Lílian Romão, jornalista da revista Viração de São Paulo e Humberto Góes professor e advogado, palestraram acerca do tema: “Participação de crianças e adolescentes em espaços de construção da cidadania”. Ambos chamaram atenção para a necessidade de criação de novos espaços e relações tanto na família como na comunidade e na escola.
“Esta relação começa em casa, no momento em que os pais dão espaço para os filhos participarem e os escutam com atenção e consideração. Quando os pais assumem esta postura, as crianças chegam à escola com uma perspectiva diferente, ou seja, as relações estão ligadas e uma é resultado da outra”, explica Lílian.
“Estamos aqui não porque as crianças e os adolescentes são o futuro, mas porque eles têm idéias importantes que devem ser ouvidas e consideradas não só por colegas da mesma faixa etária, mas pelos adultos também”, afirma ela.
A estudante Mayara Santana, 2° ano Do Ensino Médio do Colégio Francisco Alves de Almeida, em Conselheiro Mairinc veio ao evento para debater propostas e ideias. “Cada município tem uma carência diferente em algum setor e baseado nesta carência, é elaborada uma proposta que defendemos aqui. As melhores irão para a Conferencia Nacional, que acontece em dezembro em Brasília”, diz ela empolgada.
Em relação à educação, Mayara ainda lembrou da importância da gestão democrática ao afirmar que no seu colégio, os estudantes participam de debates e discussões e têm plena autonomia para eleger os representantes do Grêmio Estudantil.

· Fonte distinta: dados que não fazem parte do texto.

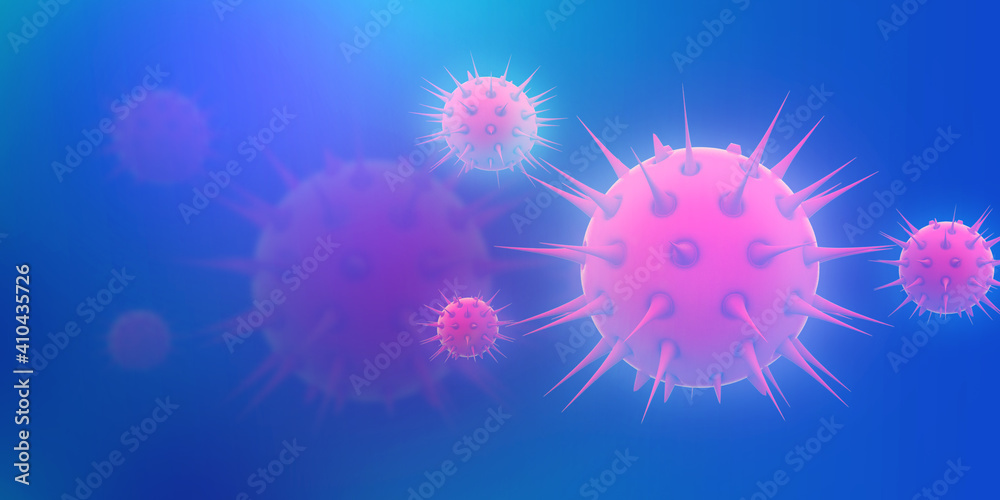 3d rendering Virus bacteria cells background 3d rendering Virus bacteria cells background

A 7ª Conferência que se realiza até quinta-feira (24) no Centro de Convenções de Curitiba. Cerca de 700 pessoas participam do evento que tem como tema: “Construindo Diretrizes da Política e do Plano Decenal”. O objetivo é discutir ações direcionadas ao público infanto-juvenil contando com os avanços alcançados após a promulgação do Estatuto da Criança e do Adolescente. O encontro é resultado de reuniões municipais e regionais que aconteceram desde o início do ano e que envolveram mais de 30 mil pessoas. Dos 500 delegados participantes, 59 serão escolhidos para representar o Paraná na Conferência Nacional.